» **DATA EXTRACT**
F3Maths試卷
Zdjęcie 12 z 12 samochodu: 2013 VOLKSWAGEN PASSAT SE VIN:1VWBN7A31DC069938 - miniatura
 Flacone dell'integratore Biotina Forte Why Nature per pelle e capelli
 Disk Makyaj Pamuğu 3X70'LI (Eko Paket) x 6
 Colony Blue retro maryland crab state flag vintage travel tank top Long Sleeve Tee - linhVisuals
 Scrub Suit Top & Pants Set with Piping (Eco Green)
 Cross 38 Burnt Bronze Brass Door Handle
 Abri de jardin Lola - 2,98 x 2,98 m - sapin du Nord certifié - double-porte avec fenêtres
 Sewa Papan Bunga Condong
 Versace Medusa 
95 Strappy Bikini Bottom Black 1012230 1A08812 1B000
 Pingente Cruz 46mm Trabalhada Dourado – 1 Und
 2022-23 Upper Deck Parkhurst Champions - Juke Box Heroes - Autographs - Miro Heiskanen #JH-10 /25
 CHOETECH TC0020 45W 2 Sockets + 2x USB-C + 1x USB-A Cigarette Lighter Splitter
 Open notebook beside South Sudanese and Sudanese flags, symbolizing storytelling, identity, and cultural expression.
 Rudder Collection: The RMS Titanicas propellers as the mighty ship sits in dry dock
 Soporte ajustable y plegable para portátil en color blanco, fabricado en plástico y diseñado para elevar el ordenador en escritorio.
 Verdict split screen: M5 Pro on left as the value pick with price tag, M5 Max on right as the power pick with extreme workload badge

» **ACTIVITY**
From the material above, set down exactly the lines between the line holding "Flacone dell'integratore Biotina" and the line holding "Open notebook beside", inclusive. Include nothing else.

» **TASK RESULT**
 Flacone dell'integratore Biotina Forte Why Nature per pelle e capelli
 Disk Makyaj Pamuğu 3X70'LI (Eko Paket) x 6
 Colony Blue retro maryland crab state flag vintage travel tank top Long Sleeve Tee - linhVisuals
 Scrub Suit Top & Pants Set with Piping (Eco Green)
 Cross 38 Burnt Bronze Brass Door Handle
 Abri de jardin Lola - 2,98 x 2,98 m - sapin du Nord certifié - double-porte avec fenêtres
 Sewa Papan Bunga Condong
 Versace Medusa 
95 Strappy Bikini Bottom Black 1012230 1A08812 1B000
 Pingente Cruz 46mm Trabalhada Dourado – 1 Und
 2022-23 Upper Deck Parkhurst Champions - Juke Box Heroes - Autographs - Miro Heiskanen #JH-10 /25
 CHOETECH TC0020 45W 2 Sockets + 2x USB-C + 1x USB-A Cigarette Lighter Splitter
 Open notebook beside South Sudanese and Sudanese flags, symbolizing storytelling, identity, and cultural expression.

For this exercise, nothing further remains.